> Work request: Somewhere below is a line with "Funidelia | Casque" and, later, a line with "Steinway & Sons"; repeat those two lines and all the lines between them, exactly as they are.

> Material provided:
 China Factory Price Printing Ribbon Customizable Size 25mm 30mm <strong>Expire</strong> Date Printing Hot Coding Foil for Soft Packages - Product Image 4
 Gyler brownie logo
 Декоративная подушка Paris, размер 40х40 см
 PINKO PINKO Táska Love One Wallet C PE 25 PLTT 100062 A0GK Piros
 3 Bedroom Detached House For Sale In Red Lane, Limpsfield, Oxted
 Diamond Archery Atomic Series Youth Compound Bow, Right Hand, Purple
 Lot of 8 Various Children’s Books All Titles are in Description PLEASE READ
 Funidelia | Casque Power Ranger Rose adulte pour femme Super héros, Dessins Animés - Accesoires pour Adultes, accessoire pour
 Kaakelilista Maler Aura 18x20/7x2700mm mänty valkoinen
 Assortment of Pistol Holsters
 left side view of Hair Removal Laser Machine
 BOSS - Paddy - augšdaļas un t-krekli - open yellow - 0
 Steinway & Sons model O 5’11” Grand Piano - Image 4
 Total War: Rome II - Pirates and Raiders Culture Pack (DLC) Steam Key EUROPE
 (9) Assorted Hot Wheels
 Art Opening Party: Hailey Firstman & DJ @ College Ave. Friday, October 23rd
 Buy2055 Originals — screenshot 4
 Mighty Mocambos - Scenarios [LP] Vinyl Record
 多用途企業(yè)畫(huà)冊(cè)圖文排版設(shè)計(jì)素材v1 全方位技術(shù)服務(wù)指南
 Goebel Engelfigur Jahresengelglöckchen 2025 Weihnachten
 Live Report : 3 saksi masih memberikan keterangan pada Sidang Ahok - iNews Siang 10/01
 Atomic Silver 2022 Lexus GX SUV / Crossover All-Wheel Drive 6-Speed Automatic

> Expected answer:
 Funidelia | Casque Power Ranger Rose adulte pour femme Super héros, Dessins Animés - Accesoires pour Adultes, accessoire pour
 Kaakelilista Maler Aura 18x20/7x2700mm mänty valkoinen
 Assortment of Pistol Holsters
 left side view of Hair Removal Laser Machine
 BOSS - Paddy - augšdaļas un t-krekli - open yellow - 0
 Steinway & Sons model O 5’11” Grand Piano - Image 4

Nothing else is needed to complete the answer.